Otro de los aspectos que llama la atención al lector es que el poeta muestra su condición errante a través del elemento del aire; un viento que le lleva de un lado a otro, le zarandea, pero no le impide detenerse a observar el mundo, admirarlo, amarlo: “ábrego azota con amor un árbol y a mí / una nube y a mí/ noviazgo de ave y yo/ otero desde un otero”. En ocasiones esto le conduce a la desorientación, pero no doblega el espíritu, que encuentra su refugio en lo humano, en lo esencial (o como él dice “el brezo de las cosas buenas”). También percibimos esa hostilidad que emana de las grandes ciudades, frente a la sencillez de la vida en el campo, una suerte de beatus ille en versión moderna: “Huías. Dentro de un paisaje urbano como una pintura de lobos”. Finalmente, me gustaría señalar que en sus versos he encontrado el destello de una poética, de la que tal vez él no es consciente, pero que resuena con fuerza y vapulea al lector con su contundencia: “Escribir/ para taparlo todo/ paladas de escritura”.

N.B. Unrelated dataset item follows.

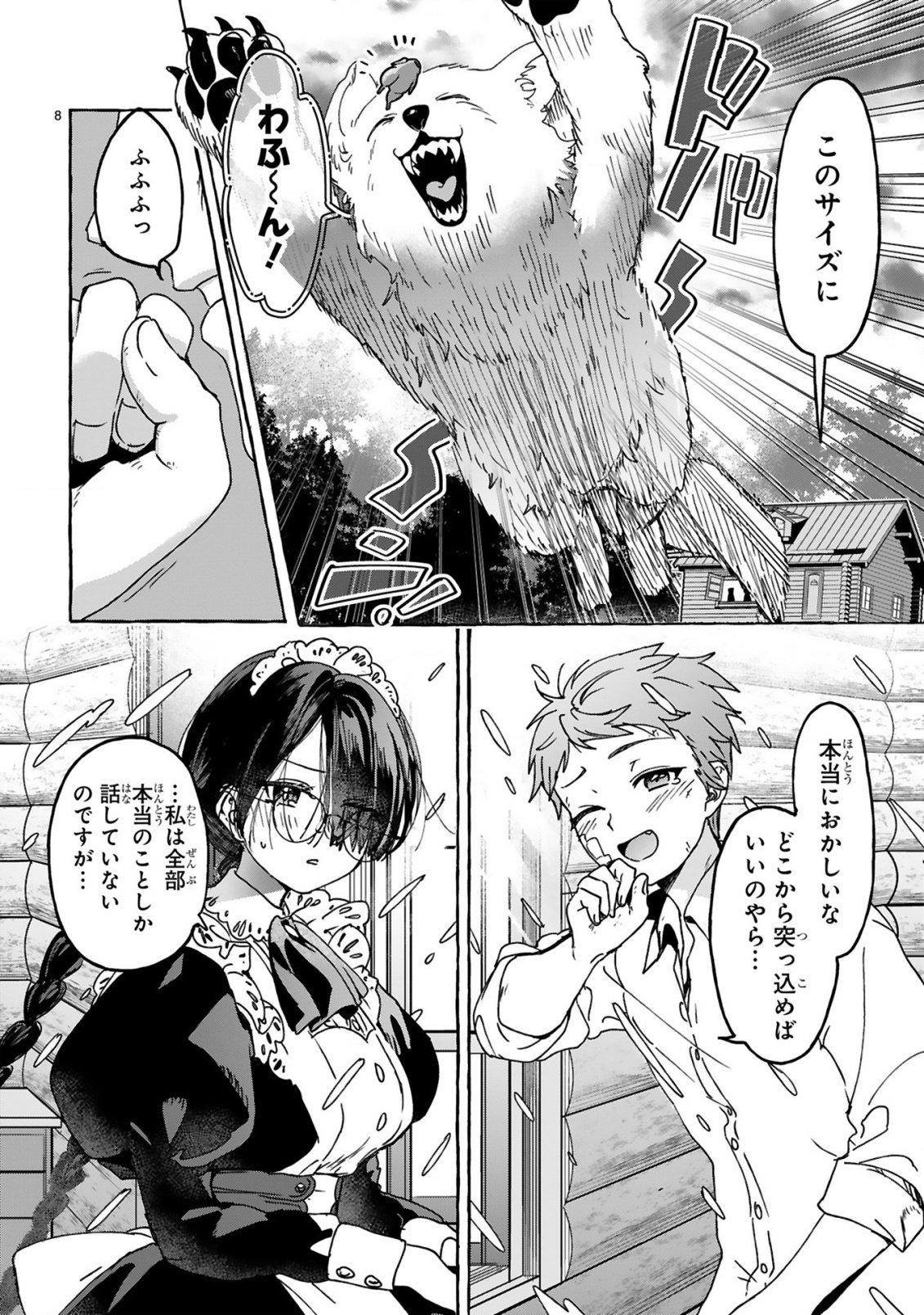 SAIKYOU KAWAII MIBOU REIJOU KOJIMA-SAN ~WATASHI WA MAID JA ARIMASEN~ Chap 3 - Pic 8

En la segunda parte, “De cómo están los árboles en los sueños”, hay una revisión del pasado desde la mirada de un niño, pero no un niño de 6 o 7 años, sino uno que ya se encuentra en la edad que todos entendemos como adulta. Hay unos ojos maravillados, a veces temerosos ante las cosas que se transforman, y que comprenden una vez pasado el tiempo: “yo antes carecía de dedos y minutos/ para aprehender/ el ángel fugitivo de las cosas. El niño sufre al ver cómo el mundo se desmorona, y trata de cambiarlo, pero sabe que no podrá hacer nada sin los demás: “cómo quisiera ser un hombre/ y convertir estas ganas de llorar/ en batalla”. El poeta prepara sus soldados, cuya misión no es matar, sino latir.

En “Mob”, tercer escalón del libro, se muestra, ahora sí, una visión de la infancia donde domina la aterradora realidad de quien no puede aferrarse a nadie. En el poema “Psicoanálisis”, los padres son percibidos como maléficos sanadores: “Papaíto laxa cotidianamente mi vientre/ hasta hacerlo sangrar./ Mamaíta juega al corro con mis miembros”. En este niño hay terror, falta de calidez y de cariño que repercuten en el hombre que será: “Nadie le enseñó a quererse./ Busca amor por internet con dos puntitos”. En la cuarta y última parte, “Vendado que me has vendido”, el poeta hace el boceto de algunas experiencias amorosas, todas ellas marcadas, ya no por la presencia sino por la ausencia, que le hace evocar la imagen de la mujer amada y ponerla sobre el papel. El amor es una imposibilidad (“amarte es rozarte”, dirá), no se llega nunca a la plenitud, es un sentimiento que se desliza entre los dedos, que fluye: “con las palabras propiciamos sueños, / con la sintaxis, hábitos de alcoba,/ versos, canciones del querer, sumarios/ del corazón”. Son en definitiva, golpes de metal lejano, cuyo eco persiste, nostálgicamente: “No podía dormir (más) y he bajado a la costumbre por ver si estabas”.

La conclusión es desoladora, no hay esperanza, y el ritmo del verso se trunca hacia la libertad sin límites del poema en prosa, que posibilita el flujo de pensamiento y se expande sobre la página con vehemencia: “Resta solo/ que extirpe mi ternura y la abandone, que huya hacia otros/ seres optimistas o regiones sin tragedias marenostrum”. En el epílogo, el autor admite que existe un pesimismo latente, que quiere dejar de serlo en las sucesivas ampliaciones de Seis olas. Pase lo que pase, encuentre una respuesta o no a tan duro propósito, estaremos ahí para seguir leyéndolo, disfrutándolo.

Seis olas con un único regreso ocupa ya un lugar en nuestra memoria.